After that night everything had changed. She was perfect in every way, like the way she would tie her hair up in the morning and slide across the floor in those big fuzzy socks. She would run her tongue over the small gap in her teeth whenever she was nervous, and if she was tired he could tell by the way she bit her lower lip and ran her fingers through the bottom of her dark curls. She always read with a pen in between her teeth in case she saw something she wanted to underline, or to write witty comments about. Once, when she was out, he flicked though her books and spent the whole afternoon lost in the wit she had added in the margins. His favorite thing was that she wore glasses everywhere except where she needed them most, and it made him smile to think about it.
He still never said anything, though. There would be plenty of time to say all these things later.
Or so he thought.
The moment that he had lost her couldn’t be pinpointed. It wasn’t that day at the pizza place when she had laughed. It wasn’t the night of the party when he had avoided paying attention to her. They had all just added up, like she said, and eventually the moment it began was lost in the middle of it all.
“You used to be so perfect,” she had said. “You always told me how smart, beautiful, and great I was. Then you just…stopped.”
And he had.
He had stopped because before they had just been empty compliments. Then all of a sudden the words weren’t enough anymore. They didn’t mean anything. There were no words to describe…this.
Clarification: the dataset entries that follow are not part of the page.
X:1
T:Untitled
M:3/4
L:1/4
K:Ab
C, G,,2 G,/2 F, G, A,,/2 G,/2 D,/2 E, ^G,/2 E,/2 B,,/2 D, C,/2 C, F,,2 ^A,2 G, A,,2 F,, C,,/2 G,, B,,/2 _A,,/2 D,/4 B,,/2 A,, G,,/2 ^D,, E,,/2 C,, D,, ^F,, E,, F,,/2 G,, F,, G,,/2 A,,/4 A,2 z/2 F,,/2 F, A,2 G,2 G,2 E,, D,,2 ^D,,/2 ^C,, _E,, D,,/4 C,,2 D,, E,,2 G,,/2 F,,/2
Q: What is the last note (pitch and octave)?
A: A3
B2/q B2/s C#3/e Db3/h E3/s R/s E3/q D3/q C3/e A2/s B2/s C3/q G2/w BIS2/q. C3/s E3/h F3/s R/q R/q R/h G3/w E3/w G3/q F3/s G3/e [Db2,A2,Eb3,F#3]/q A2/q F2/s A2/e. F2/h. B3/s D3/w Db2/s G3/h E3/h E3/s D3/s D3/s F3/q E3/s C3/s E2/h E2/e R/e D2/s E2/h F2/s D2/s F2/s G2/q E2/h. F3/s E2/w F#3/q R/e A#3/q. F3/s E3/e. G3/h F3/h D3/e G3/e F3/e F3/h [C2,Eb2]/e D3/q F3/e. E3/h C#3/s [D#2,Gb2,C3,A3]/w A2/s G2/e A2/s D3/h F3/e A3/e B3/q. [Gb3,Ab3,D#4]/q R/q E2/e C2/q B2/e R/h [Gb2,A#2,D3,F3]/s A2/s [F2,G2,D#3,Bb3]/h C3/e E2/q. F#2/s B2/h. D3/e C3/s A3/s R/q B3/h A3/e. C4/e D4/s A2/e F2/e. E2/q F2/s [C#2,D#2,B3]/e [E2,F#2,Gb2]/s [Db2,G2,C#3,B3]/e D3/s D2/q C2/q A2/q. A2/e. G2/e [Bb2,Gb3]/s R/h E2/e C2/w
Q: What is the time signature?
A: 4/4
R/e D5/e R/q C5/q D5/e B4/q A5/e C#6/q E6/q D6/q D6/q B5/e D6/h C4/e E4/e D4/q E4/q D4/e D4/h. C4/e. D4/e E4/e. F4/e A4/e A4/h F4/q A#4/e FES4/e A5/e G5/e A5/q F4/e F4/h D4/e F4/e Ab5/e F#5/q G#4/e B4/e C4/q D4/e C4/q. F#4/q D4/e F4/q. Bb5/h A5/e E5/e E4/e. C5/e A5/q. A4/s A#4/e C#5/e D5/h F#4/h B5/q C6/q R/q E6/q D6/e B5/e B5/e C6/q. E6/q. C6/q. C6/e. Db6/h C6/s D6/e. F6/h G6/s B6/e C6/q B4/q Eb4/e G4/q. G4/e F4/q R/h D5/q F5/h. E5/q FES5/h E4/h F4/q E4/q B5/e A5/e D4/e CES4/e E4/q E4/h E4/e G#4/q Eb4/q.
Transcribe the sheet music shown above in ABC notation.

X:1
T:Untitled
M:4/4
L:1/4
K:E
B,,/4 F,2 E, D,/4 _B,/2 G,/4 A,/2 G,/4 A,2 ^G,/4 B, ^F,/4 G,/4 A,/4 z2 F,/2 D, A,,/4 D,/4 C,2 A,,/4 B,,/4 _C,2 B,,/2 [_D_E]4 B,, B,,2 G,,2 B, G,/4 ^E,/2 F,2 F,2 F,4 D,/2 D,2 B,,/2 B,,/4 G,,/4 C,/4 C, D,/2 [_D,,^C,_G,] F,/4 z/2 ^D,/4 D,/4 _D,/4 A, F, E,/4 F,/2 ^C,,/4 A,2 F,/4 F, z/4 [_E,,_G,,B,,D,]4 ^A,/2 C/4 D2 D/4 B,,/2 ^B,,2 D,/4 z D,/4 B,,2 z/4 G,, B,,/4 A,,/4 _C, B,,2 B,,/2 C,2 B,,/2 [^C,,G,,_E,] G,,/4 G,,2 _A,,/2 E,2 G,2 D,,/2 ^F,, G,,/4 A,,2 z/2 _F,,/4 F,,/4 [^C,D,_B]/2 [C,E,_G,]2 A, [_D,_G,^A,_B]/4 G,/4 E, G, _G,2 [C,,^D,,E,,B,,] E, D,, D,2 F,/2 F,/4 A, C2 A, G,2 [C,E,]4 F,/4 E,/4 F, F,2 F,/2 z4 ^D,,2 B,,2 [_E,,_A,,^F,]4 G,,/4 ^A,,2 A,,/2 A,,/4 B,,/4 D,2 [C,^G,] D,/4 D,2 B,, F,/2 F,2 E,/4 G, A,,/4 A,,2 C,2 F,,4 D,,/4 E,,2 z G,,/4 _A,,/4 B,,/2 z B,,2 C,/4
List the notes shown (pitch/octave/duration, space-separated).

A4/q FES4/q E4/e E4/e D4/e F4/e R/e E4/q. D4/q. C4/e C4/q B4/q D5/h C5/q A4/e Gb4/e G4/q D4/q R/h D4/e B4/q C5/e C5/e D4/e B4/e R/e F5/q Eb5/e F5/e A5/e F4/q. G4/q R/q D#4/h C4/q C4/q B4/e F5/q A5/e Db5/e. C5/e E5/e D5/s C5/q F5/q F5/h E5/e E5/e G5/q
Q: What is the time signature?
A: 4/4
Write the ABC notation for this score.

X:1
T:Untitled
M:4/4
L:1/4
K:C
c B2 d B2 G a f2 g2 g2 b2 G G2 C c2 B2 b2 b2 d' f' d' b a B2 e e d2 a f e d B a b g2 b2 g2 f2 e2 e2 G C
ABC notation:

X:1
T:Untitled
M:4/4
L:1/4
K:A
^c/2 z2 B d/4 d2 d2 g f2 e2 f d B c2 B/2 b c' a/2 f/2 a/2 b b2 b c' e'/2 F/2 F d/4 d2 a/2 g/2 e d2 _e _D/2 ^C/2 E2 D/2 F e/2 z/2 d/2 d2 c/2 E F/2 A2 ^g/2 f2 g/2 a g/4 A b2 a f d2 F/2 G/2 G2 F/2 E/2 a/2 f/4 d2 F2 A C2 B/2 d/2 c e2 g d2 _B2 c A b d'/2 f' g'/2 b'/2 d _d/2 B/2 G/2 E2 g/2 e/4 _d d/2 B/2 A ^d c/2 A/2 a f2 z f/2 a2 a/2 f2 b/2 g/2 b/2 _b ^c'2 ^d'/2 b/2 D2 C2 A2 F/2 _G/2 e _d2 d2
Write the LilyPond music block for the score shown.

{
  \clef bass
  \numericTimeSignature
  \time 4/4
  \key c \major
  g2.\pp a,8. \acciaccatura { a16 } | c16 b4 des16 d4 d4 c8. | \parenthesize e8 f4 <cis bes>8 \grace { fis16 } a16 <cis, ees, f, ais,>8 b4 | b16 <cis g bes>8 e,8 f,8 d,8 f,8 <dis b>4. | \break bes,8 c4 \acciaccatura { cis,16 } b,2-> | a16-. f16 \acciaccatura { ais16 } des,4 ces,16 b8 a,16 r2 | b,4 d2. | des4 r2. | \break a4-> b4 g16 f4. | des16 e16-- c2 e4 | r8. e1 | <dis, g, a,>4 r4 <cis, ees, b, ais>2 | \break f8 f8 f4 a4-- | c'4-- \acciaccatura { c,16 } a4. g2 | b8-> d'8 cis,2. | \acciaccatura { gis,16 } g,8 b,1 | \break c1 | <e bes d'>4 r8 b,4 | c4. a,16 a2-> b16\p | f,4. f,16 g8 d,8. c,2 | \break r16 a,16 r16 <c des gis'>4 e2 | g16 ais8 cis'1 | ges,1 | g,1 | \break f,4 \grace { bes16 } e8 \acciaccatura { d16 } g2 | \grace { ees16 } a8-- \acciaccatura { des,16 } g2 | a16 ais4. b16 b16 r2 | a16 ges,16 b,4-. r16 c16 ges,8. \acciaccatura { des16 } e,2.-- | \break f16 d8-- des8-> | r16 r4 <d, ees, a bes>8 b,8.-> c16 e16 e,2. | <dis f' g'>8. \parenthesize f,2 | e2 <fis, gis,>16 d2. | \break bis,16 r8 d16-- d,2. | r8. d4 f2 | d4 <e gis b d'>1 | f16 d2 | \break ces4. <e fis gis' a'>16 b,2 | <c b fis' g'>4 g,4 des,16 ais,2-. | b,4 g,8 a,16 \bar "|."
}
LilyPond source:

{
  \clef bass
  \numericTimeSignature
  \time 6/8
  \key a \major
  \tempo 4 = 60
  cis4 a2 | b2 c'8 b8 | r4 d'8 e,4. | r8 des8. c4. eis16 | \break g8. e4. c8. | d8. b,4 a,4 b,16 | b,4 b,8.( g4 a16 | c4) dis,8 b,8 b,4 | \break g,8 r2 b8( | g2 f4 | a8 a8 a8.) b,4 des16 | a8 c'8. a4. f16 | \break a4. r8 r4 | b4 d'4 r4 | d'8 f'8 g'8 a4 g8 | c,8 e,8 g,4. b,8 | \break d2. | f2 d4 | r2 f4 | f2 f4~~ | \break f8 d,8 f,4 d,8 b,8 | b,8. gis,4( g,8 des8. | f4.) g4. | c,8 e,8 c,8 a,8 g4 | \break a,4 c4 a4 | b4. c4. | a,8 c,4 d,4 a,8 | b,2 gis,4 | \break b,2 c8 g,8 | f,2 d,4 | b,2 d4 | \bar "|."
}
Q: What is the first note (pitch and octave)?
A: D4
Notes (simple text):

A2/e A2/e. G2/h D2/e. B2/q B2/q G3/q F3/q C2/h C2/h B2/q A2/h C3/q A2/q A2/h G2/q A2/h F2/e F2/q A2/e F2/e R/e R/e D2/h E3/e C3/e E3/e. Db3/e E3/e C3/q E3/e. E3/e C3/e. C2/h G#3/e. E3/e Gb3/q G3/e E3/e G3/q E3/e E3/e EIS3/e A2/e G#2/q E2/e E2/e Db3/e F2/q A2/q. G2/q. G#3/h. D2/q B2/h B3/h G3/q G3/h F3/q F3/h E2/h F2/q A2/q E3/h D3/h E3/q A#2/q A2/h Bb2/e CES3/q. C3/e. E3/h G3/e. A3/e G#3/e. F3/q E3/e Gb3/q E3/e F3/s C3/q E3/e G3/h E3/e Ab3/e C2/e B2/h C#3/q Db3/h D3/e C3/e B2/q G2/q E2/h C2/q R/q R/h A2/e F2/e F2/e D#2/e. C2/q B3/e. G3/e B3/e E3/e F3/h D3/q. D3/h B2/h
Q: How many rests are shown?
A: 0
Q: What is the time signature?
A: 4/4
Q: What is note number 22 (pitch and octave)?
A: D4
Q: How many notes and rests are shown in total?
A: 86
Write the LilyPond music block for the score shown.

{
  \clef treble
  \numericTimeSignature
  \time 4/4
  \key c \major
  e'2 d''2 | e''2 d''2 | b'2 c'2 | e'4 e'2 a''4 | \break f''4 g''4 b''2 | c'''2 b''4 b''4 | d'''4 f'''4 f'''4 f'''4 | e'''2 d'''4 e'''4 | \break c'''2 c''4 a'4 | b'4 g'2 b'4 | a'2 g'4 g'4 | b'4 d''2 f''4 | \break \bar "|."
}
No matter what he said or did, it wouldn’t be enough to show how he really felt. Best not to say anything at all, then.
Even at the end he couldn’t say anything. He had nothing to defend himself. She was right, he had never said anything to show that he cared. Never did anything to show he was willing to commit. There was no physical evidence as to how he felt because he had never provided any.
He looked at her at the end, and what he saw took something out of him. The clouds that had guarded her so long were gone. The clarity he craved was there, but it wasn’t happy. It was pain. Anger. Hurt. And perhaps worst of all, disappointment.
The point is that her eyes were clear for the first time in a long time. It was then that he realized that she was better off without him and the clouds he had given her.
Surprisingly, this started out as an article about rain. Then I realized everything I had written was terrible and I was left with only one sentence – and it turned into this. I almost never write fiction – and never voluntarily. I don’t even know how to craft a story, but this is just what came to me and I suppose I have nothing to lose.